Single by Troye Sivan and Jónsi

from the album Boy Erased
- Released: 18 October 2018
- Length: 3:51
- Songwriters: Troye Mellet; Brett McLaughlin; Jonsi Birgisson;
- Producer: Leland

Troye Sivan singles chronology
| "1999" (2018) | "Revelation" (2018) | "Somebody to Love" (2018) |

Jónsi singles chronology
| "Animal Arithmetic" (2010) | "Revelation" (2018) | "Exhale" (2020) |

= Revelation (song) =

"Revelation" is a song by Australian singer-songwriter Troye Sivan and Icelandic musician Jónsi.
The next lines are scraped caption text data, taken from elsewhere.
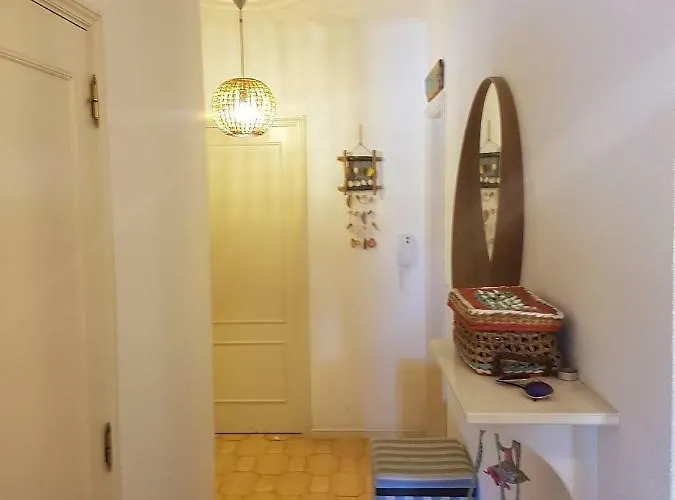 Lägenhet Sunny Holidays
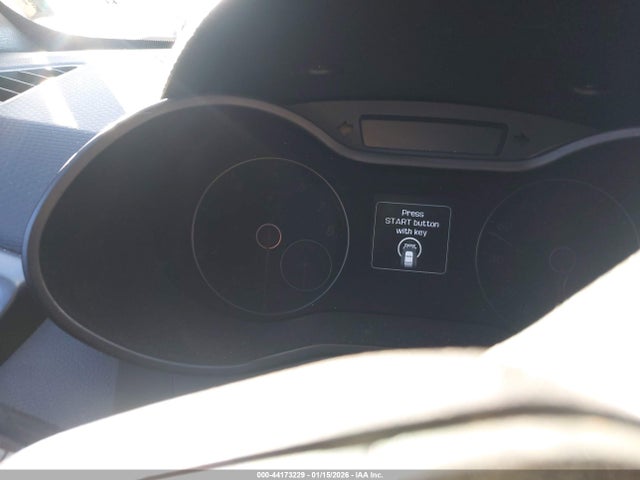Hyundai Veloster Turbo 2016 KMHTC6AE1GU297134 Image 7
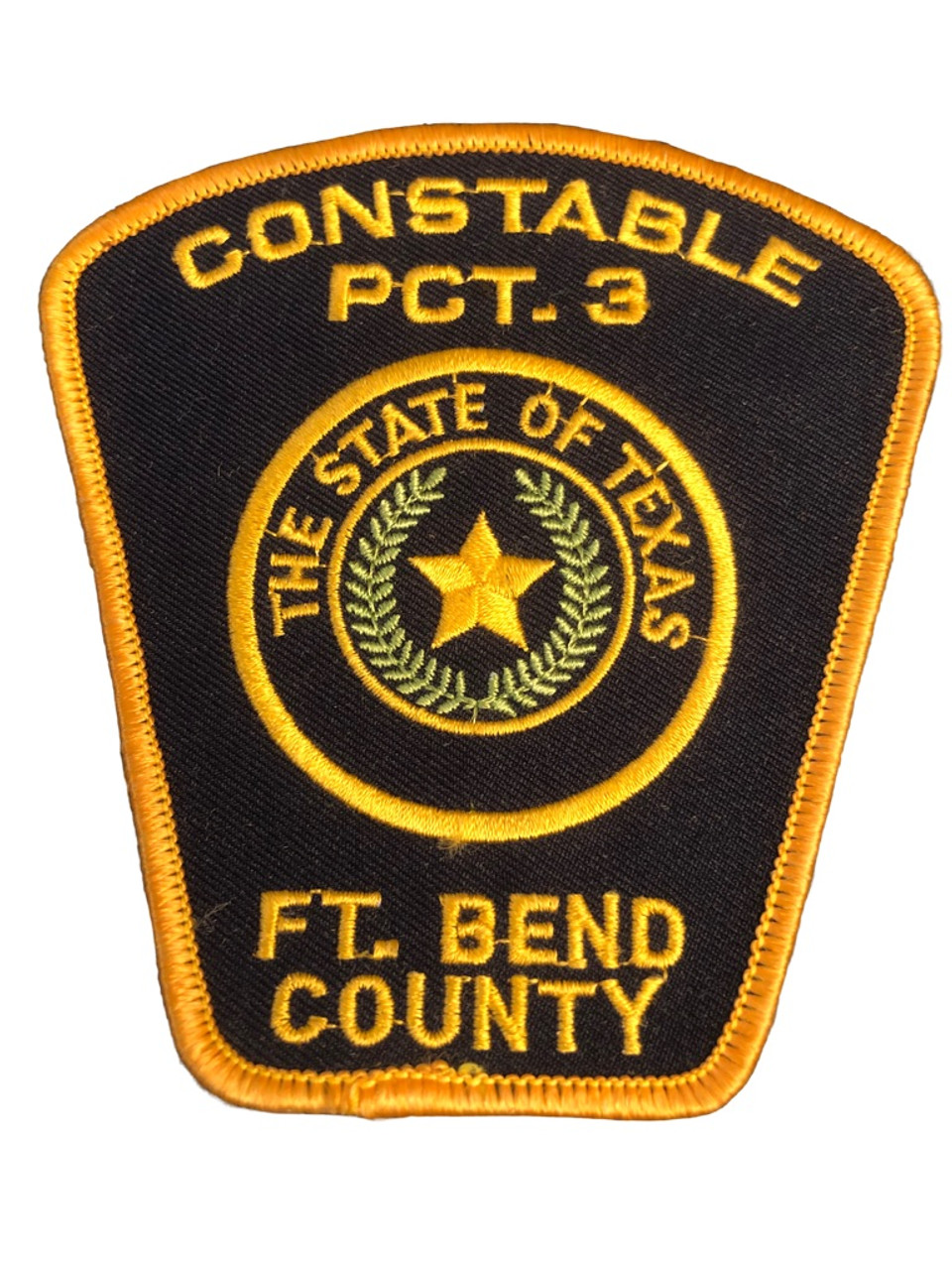 Fort Bend County Constable Precinct 1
In July 2018, the song was previewed during the trailer for the film Boy Erased, and released on 18 October 2018.

The song was nominated for the Golden Globe Award for Best Original Song at the 76th Golden Globe Awards, the Best Original Song – Feature Film award at the 9th Hollywood Music in Media Awards and a Satellite Award for Best Original Song at the 2018 Satellite Awards.

==Background==
Sivan explained to Billboard that after reading the script, he was set on getting his music into the movie: "I was ready to sell my soul. I said, 'You can have any song that I've ever written, I'll write new ones, I'll do anything.'" Sivan wrote several unsolicited original songs that did not make it into the film, but director Joel Edgerton put in a request for Sivan to tackle a specific scene, where Jared (played by Lucas Hedges) has a pure interaction with another boy for the first time.

Sivan said: "Jónsi from Sigur Rós was working on some music for one scene where he had started this little piano melody, but he didn't really know where to go lyrically or melodically, so that's when Joel, Jónsi and I went for breakfast one morning and they talked to me about that specific scene, and I ended up writing the song later that day." Sivan explained to Billboard that "The idea of that person being a revelation in your life, where you can kind of do something that feels so natural and so right and be fine on the other side, that was a really potent thing in my head."

==Live performances==
In October 2018, Sivan performed the song live on The Ellen DeGeneres Show, backed with a string quartet.

In November 2018, Sivan performed the song live on The Tonight Show Starring Jimmy Fallon.

==Reception==
Joshua Bote from Billboard described the song as a "a divine, haunting ballad," saying, "Filled with reverb-heavy keys, creaky strings and cinematic, post-rock flourishes, Sivan sounds absolutely stunning on 'Revelation' as he sings about young, queer love as a form of freedom and revolution."

Randall Colburn from Consequence of Sound said "Buoyed by gentle piano and the kinds of swelling atmospherics central to Jónsi's work, the thoughtful, calming song achieves a kind of melancholic catharsis that's as hopeful as it is heartrending."

Mike Neid from Idolator called it a "stirring anthem with a powerful message".